Data to process:
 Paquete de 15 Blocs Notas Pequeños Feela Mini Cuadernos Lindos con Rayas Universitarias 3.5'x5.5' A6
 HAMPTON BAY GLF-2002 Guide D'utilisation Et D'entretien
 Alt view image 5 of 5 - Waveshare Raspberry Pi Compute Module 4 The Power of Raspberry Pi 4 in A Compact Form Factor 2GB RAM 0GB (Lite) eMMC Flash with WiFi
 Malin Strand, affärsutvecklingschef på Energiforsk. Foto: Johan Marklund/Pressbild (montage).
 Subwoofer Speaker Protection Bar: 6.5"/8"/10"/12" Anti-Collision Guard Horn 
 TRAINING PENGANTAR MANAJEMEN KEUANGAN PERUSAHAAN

* * *

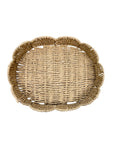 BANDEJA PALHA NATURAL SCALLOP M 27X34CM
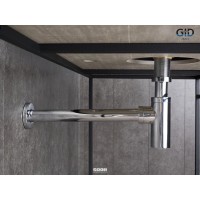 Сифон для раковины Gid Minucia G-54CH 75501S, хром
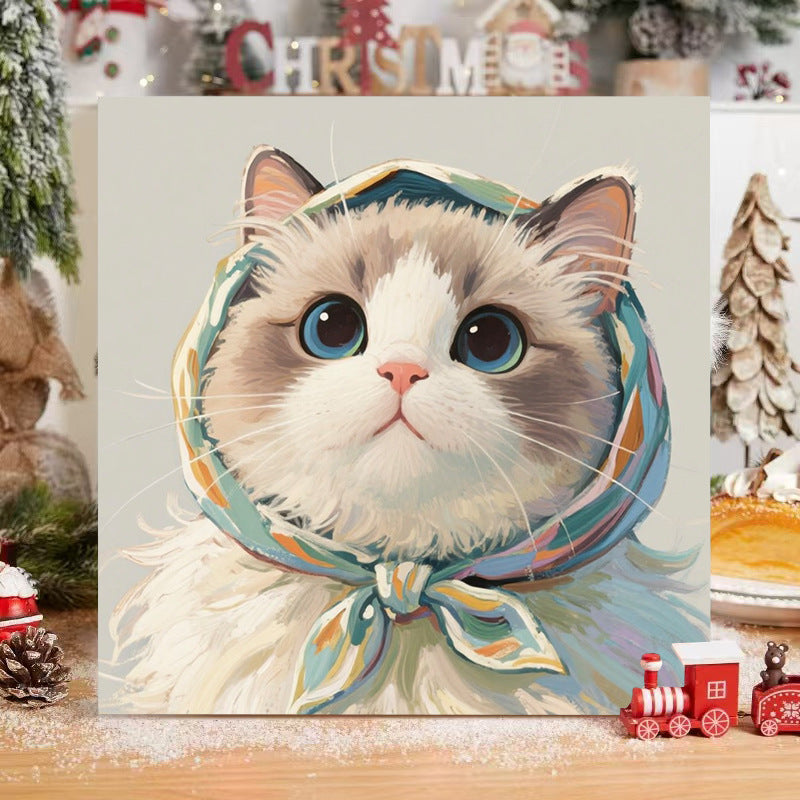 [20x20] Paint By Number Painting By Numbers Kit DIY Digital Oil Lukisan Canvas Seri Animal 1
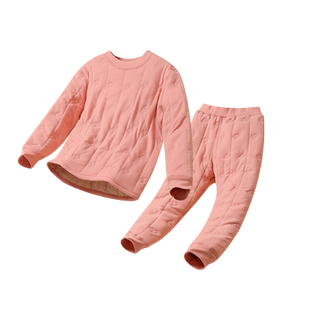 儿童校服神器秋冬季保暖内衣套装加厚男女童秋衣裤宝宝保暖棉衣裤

Try it: Among the entries above, find the line with "HAMPTON BAY GLF-2002" and the line with "Subwoofer Speaker Protection"; give again exactly these two lines and all lines between them.

Result:
 HAMPTON BAY GLF-2002 Guide D'utilisation Et D'entretien
 Alt view image 5 of 5 - Waveshare Raspberry Pi Compute Module 4 The Power of Raspberry Pi 4 in A Compact Form Factor 2GB RAM 0GB (Lite) eMMC Flash with WiFi
 Malin Strand, affärsutvecklingschef på Energiforsk. Foto: Johan Marklund/Pressbild (montage).
 Subwoofer Speaker Protection Bar: 6.5"/8"/10"/12" Anti-Collision Guard Horn 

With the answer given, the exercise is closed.